Un « remarquable cheval »…
Le 12 septembre 1904, un groupe de treize experts et savants de renom rejetèrent, dans un rapport, la possibilité d’une supercherie et « accordèrent la plus haute respectabilité et importance scientifique à ce remarquable cheval ».1
… qui échoue
Un jeune étudiant en philosophie et médecine, Oskar Pfungst, continua cependant les recherches au moyen d’une méthode expérimentale. Trois mois plus tard, un nouveau rapport publia sa découverte : « Le cheval se trompait dans ses réponses à chaque fois que la solution du problème qu’on lui soumettait était inconnue des personnes présentes. Lorsque par exemple on plaçait devant le cheval un nombre écrit ou les objets à compter en sorte qu’ils fussent visibles de lui seul, et en particulier invisibles du questionneur, il échouait à répondre correctement. Il ne savait par conséquent ni compter, ni lire, ni résoudre des problèmes d’arithmétique.
Le cheval échoua encore chaque fois que des œillères suffisamment grandes l’empêchèrent de voir les personnes, et en particulier le questionneur, qui connaissaient la solution. Il avait besoin par conséquent d’une sorte de secours visuel »2
Le rapport insista en outre sur le fait que le cheval réagissait aux stimuli visuels même non-intentionnels qu’il percevait chez son maître et que Pfungst réussit à identifier : « M. Pfungst est parvenu à identifier chez M. Von Osten les différents types de mouvements qui étaient à l’origine des diverses performances du cheval. »

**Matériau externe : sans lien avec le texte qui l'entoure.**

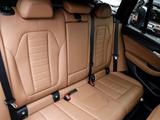 BMW X3 xDrive30d M SPORT+ACC+HuD+360°+NAVI+SHZ - BMW X3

Von Osten fut bouleversé par ces découvertes et passa sa colère sur son cheval, puis, écrit Watzlawick, « il reprit bientôt confiance et n’autorisa plus aucune expérience. Selon un mode de comportement caractéristique, il préféra à l’incontournabilité des faits, une vision de la réalité conforme à ses convictions ».
Une farce cruelle
Par la suite, l’histoire du cheval intelligent donna son nom à l’ « effet Clever Hans » ou « effet idéomoteur », par lequel un animateur obtient la réaction réflexe d’un animal ou d’une autre personne, en guidant son comportement moteur. Le cheval n’était pas la source des réponses, mais un simple canal par lequel ceux qui le questionnaient faisaient passer leur message.

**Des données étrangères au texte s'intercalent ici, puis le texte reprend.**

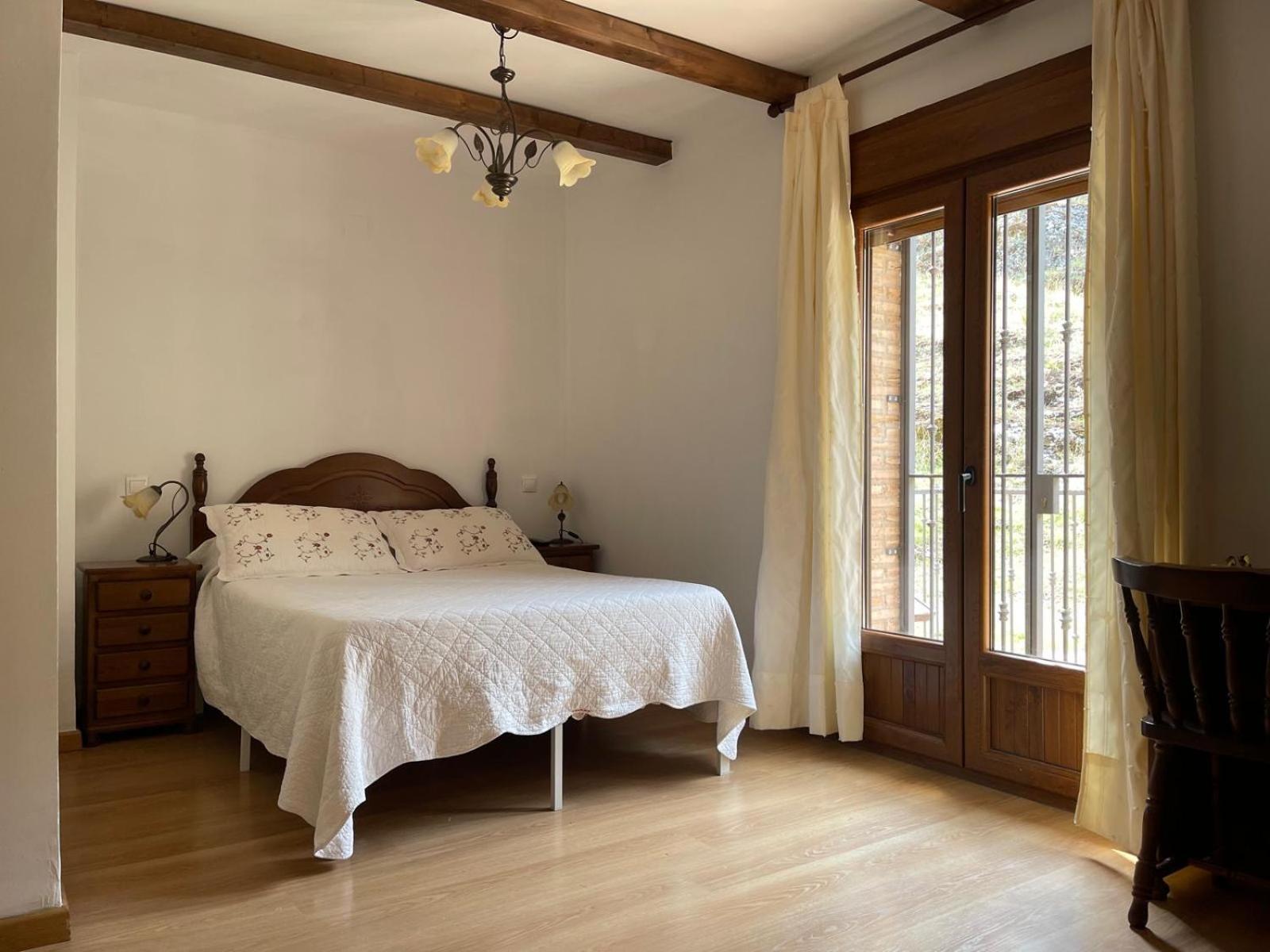 Casa Rural Gerardo 2 Armallones Eksteriør billede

Si cette affaire peut faire sourire lorsqu’elle ne concerne qu’un cheval, elle devient tragique lorsque, sous forme de « Communication facilitée », elle s’applique à des enfants autistes3 ou à des handicapés, tels Rom Houben.

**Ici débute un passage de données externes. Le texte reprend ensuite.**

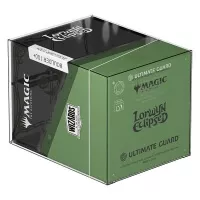 Packaging Ultimate Guard Boulder 100+ Magic: The Gathering Lorwyn Eclipsed - Elves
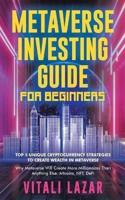 Metaverse Investing Guide for Beginners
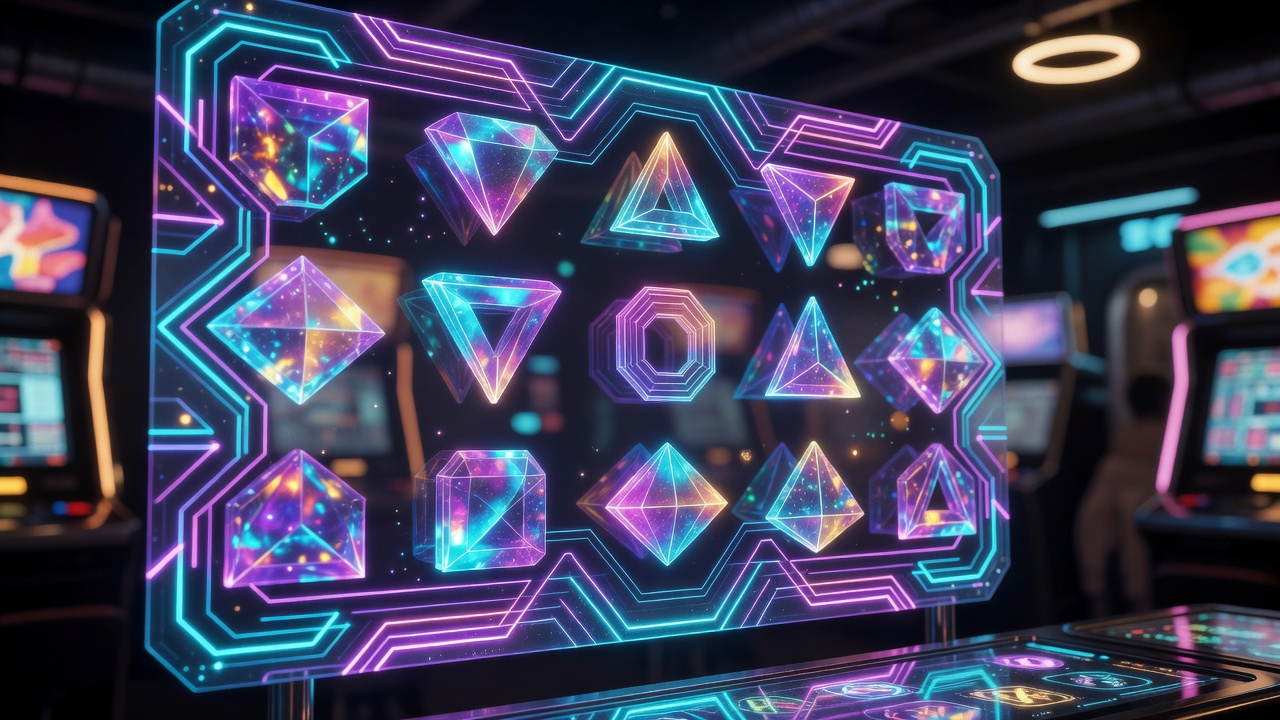 Innovazioni e Funzionalità che Stanno Cambiando il Gioco - slot nuove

James Randi a qualifié de farce cruelle ce procédé, qui consiste de la part du « facilitant » à déplacer la main du « facilité » sur le clavier de l’ordinateur et à prétendre que ce message est le sien. D’après la vidéo de la scène, cet homme ne voit pas l’écran. Il n’est pas au courant de ce qui se passe. Il est une victime inconsciente d’une comédie tragique. Aux États-Unis, l’Association for Behavior Analysis International, l’American Academy of Child and Adolescent Psychiatry, et l’American Association on Mental Retardation ont déclaré n’avoir aucun doute sur le fait que l’utilisation de la communication facilitée est en soi « injustifiée et contraire à l’éthique. »4
1 Paul Watzlawick, La réalité de la réalité, Confusion, désinformation, communication, 1978, col. Points, « Les avantages de la confusion », pp.35-50
2 Extraits de ce rapport cités par Watzlawick.